The interesting part: the agent didn’t just read the traces. It also parsed the VLLM logs and caught a warning that most humans would miss buried in the output: “no tuned config for B200 for the fused MOE kernel.”

That’s the highest-leverage optimization target. Not attention (already Cutlass-optimized). Not the matrix multiplies (already Kublas). The MOE routing that VLLM is running with suboptimal defaults because nobody’s tuned it for Blackwell yet.

Why this matters:

Performance engineering follows Amdahl’s Law brutally. A 2x speedup on a kernel that’s 2% of your runtime gives you almost nothing. The profiling step—figuring out what to optimize—is typically 5x the time of actually writing the optimization.

Wafer collapses that ratio. The agent did in minutes what would take a human performance engineer hours of flame graph staring and log parsing.

8. The Cost Equation Shift

The Event — Emilio closed with the economic framing: kernel engineers are expensive and scarce. Many optimizations that would technically improve performance were never pursued because the cost equation didn’t work. If an optimization saves $10k/month but requires 40 hours of a $400/hr specialist’s time, you need 1.6 months just to break even.

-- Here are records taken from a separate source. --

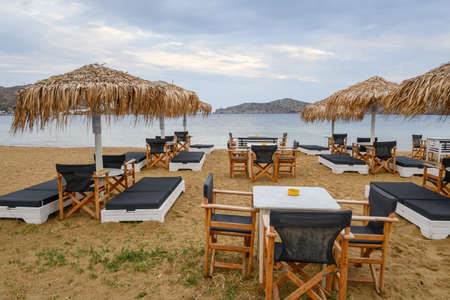 Ios, Greece - September 19, 2020: Beach loungers with umbrellas on sandy beach of Chora on Ios Island. Cyclades, Greeceのeditorial素材
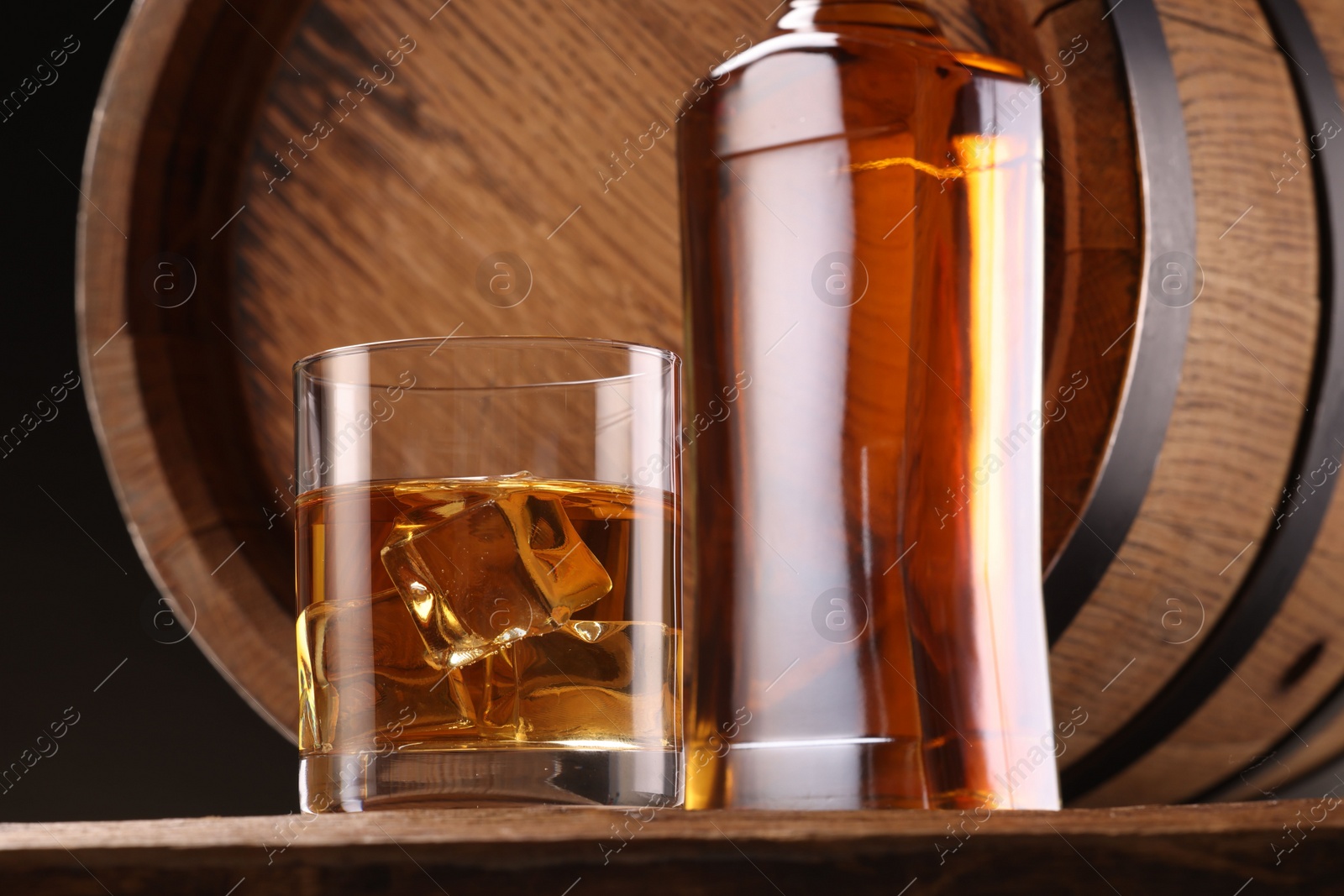 Photo of Whiskey with ice cubes in glass, bottle and barrel on wooden table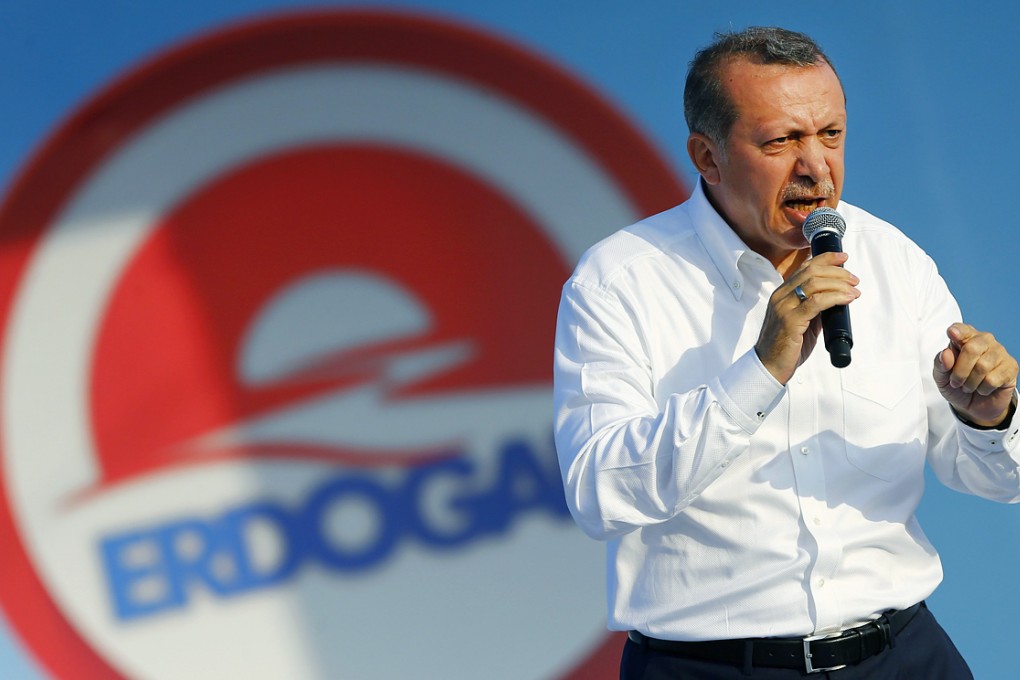 Turkey's Prime Minister and presidential candidate Tayyip Erdogan addresses his supporters during an election rally in Istanbul. Photo: Reuters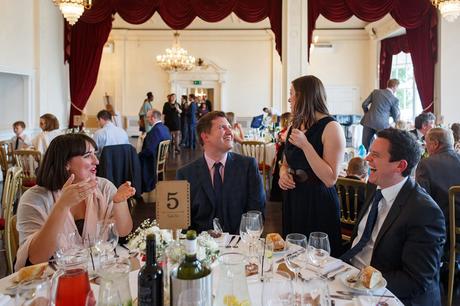 guests talk at the wedding breakfast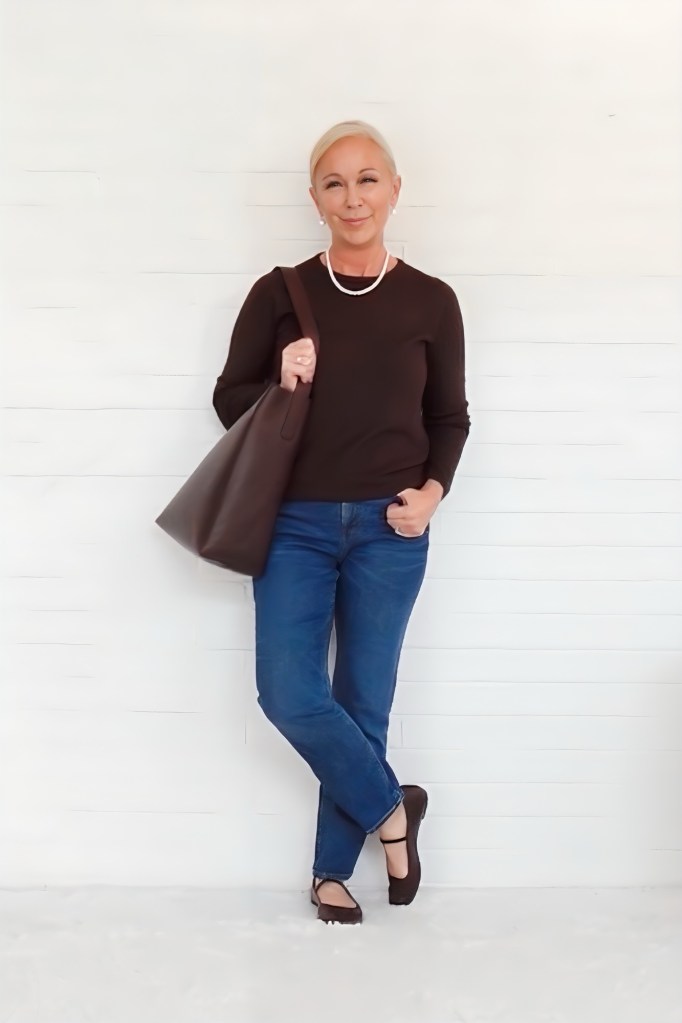A confident woman in a casual outfit, featuring a dark sweater, blue jeans, and a large brown tote bag, stands against a white wooden backdrop.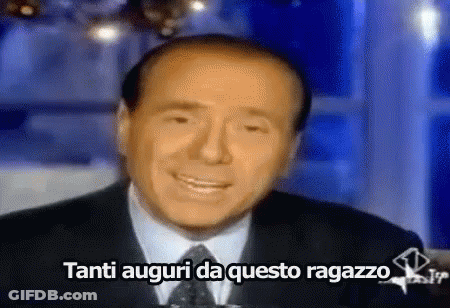 Man In Suit And Tie Smiling Tanti Auguri Da Questo Ragazzo GIF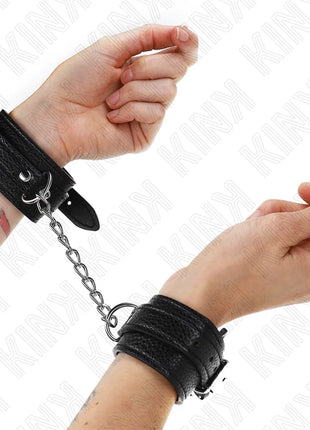 KINK - HANDGELENKFESSELN MIT SCHLANGENMUSTER SCHWARZ VERSTELLBAR 20-28 CM X 5,4 CM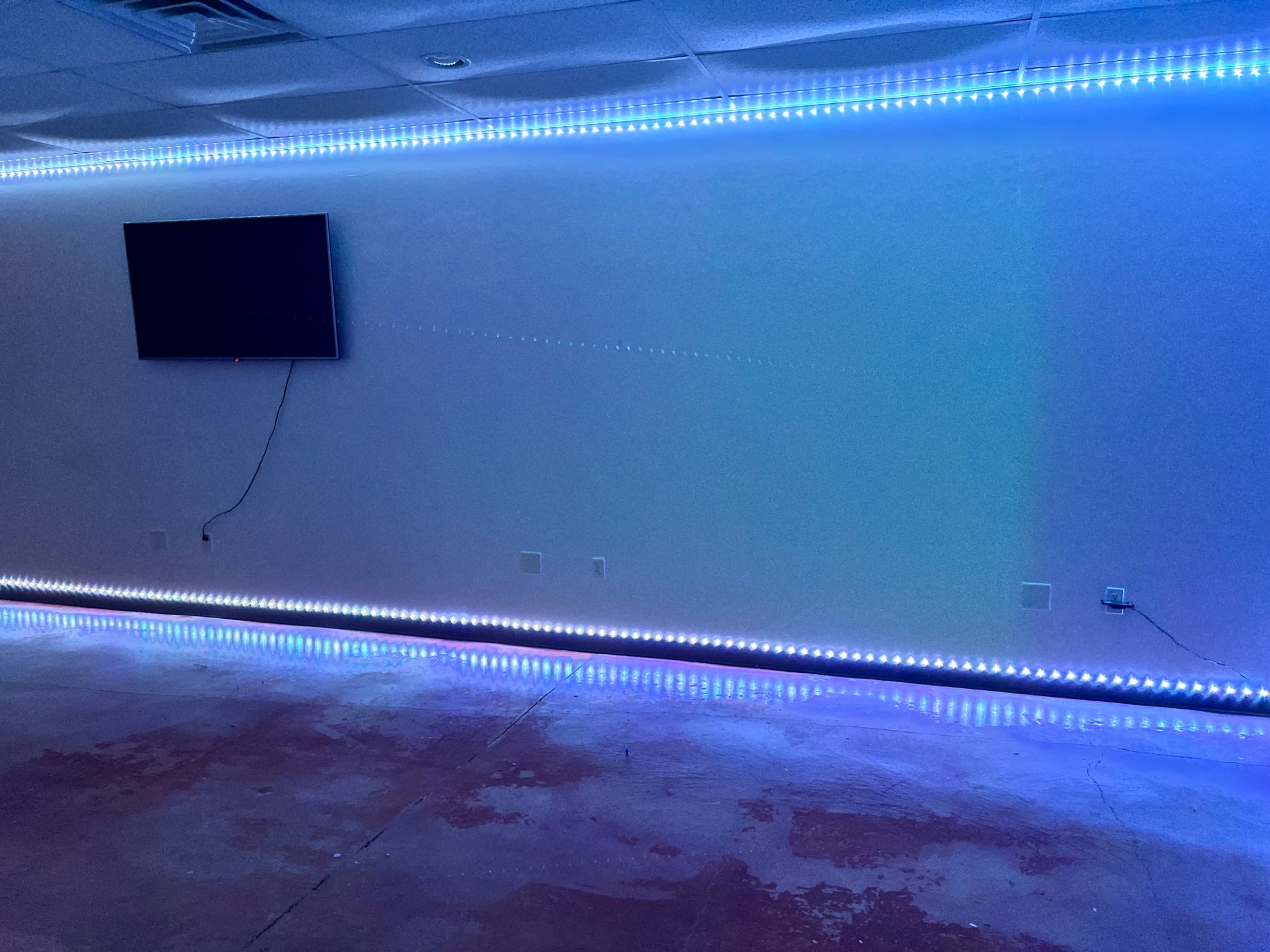 The image shows a room with a bare concrete floor and LED strip lighting along the perimeter, with a wall-mounted television on one side.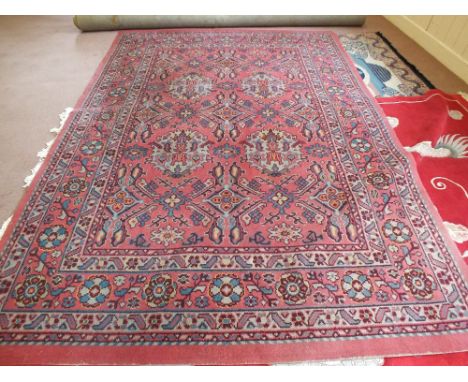 A machine made red floral carpet, 140" x 106"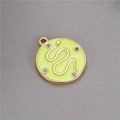 Detail of round green enamel coin pendant with golden snake motif and zircon accents - Yellow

The unlock — AI agents change the cost function. If an agent can find and implement the optimization for $600 in compute, the payback period collapses. More importantly: you can run continuous profiling. The agent monitors traffic patterns, detects when kernels become suboptimal, and proposes (or implements) optimizations automatically.

This isn’t “AI replaces kernel engineers.” It’s “optimizations that weren’t economically viable become viable.” The surface area of what’s worth optimizing expands dramatically.

Insight Closer

The GPU utilization problem is a microcosm of a broader pattern in AI infrastructure: we’ve been solving the wrong bottlenecks. The industry obsesses over getting more compute—more GPUs, more clusters, more training runs—when the constraint is often software inefficiency on existing compute.

Wafer’s thesis is that LLMs are finally good enough to automate the software optimization layer. If they’re right, the implication isn’t just cheaper inference. It’s that the entire AI cost structure gets repriced downward as utilization approaches theoretical limits.

The demo showed something concrete: an agent that can profile a production VLLM deployment, parse both traces and logs, identify the highest-leverage optimization target, and explain why the obvious candidates (attention, matmuls) aren’t actually where the gains are.

The question isn’t whether this happens eventually. It’s whether Wafer can execute before the frontier labs build the same capability internally.